Past
Murai no Ippo
Yuki Murai
Jun 28 (Thu.) - Jul 28 (Sat.), 2018
MAHO KUBOTA GALLERY presents a group of new paintings by twenty-three-year-old prodigy, Yuki Murai, based on the artist’s strikingly original ideas and novel physical structures. Murai’s powerful ability to break through barriers can be seen from his highly productive career. First showing in public in 2015 when he was studying at Tama Art University, he has already presented three solo exhibitions and participated in 17 other exhibitions, including the Setouchi Triennale, and has won awards at three significant open exhibitions for young Japanese artists in rapid succession. Murai has already become a full-fledged artist at a young age. His practice, his almost-excessive writing, and his lifestyle, are all integrated in his art. One of the perspectives of this solo exhibition is to examine whether a commercial gallery art platform can do justice to this whole practice.

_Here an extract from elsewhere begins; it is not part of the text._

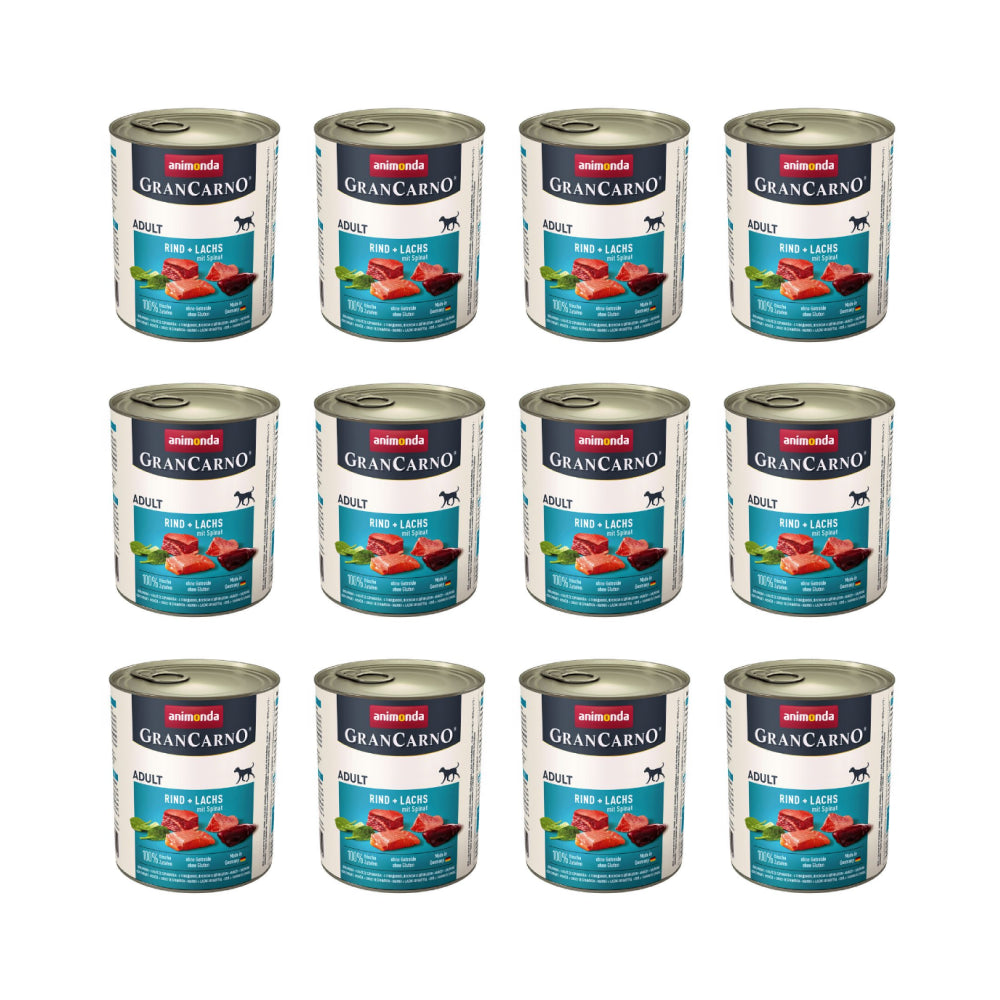 Pakiet Animonda GranCarno Original Wołowina, Łosoś, Szpinak 12 x 800 g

Murai has continually created groups of artworks for the purpose of breaking through the conventions of painting. Murai’s most potent weapon for challenging the proposition of existing painting is a medium of his own making called ‘omurice paint.’ Compared with the medium of most conventional paintings, which Murai asserts is nothing more than material for manipulating superficial visual information within the framework of painting, the artist asserts that ‘omurice paint,’ which is made from silicone mixed with oil or acrylic paint, is an active material with its own identity. Having discovered in this material the possibility of gaining independence from the canvas, which is the conventional foundation of painting, Murai has tried to find a route to break through the eternal proposition that is painting by creating groups of artworks that include experimental and extemporaneous works such as wearable paintings, rotating paintings, paintings that are recycled and lose the subject due to being trampled underfoot by viewers, and paintings that completely cover a space.

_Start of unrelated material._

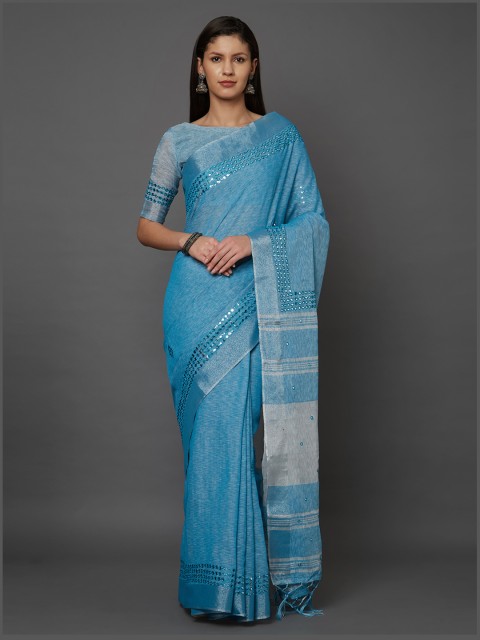 

Mitera Blue Solid Saree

Having created a material that can be independent and used it in his art, incorporating elements of chance, the artist now wants to push that approach to the next level in this exhibition. Although wearable and rotating paintings definitely succeed in transcending the physical framework of painting, they are simply formed within the intentional or phenomenon-related framework of being worn or becoming moving objects. Murai believes that the purpose lies within the artist himself, and that in order to further transcend these frameworks, it is necessary to add forces from other vectors. Believing that relationships with others can be effective in enabling conceptual frameworks by the subject to become invisible, Murai has repeatedly engaged in discussions with fellow artists of the same generation, Meigen Shojima and Kenichi Nojima, for days on end.

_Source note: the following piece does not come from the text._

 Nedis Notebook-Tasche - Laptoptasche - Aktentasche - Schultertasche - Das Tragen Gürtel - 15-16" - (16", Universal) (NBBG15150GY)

Murai is the driving force behind the art, but his own identity is transformed and loses form during discussions with Shojima, while Nojima records this process. The process of creation is an experimental attempt to liberate paintings from Murai’s personal intentions by using the identity of others to erase Murai’s identity after it had been partly incorporated into the work. The physical and conceptual foundation of expression that is shaken by the process of discussion loses form and disappears completely through further debate, causing the artist’s identity to vanish, leaving behind only whatever was produced by the omurice paint. Murai believes that only then does an original painting emerge that is in no way reminiscent of the shape of past paintings or conventional phenomena.
Murai’s painting has overwhelmed viewers with its excess and chaos. How will it change through discussions with others from the same generation, and can it be viable in the context of a real-life art platform? Will Murai actually be able to resolve the issues he himself presents at this exciting solo exhibition, entitled Murai no Ippo? Transcending the superficial creation of images, the exhibition initially seems chaotic, but it eventually provides a visual experience by establishing an aesthetic in an intense space.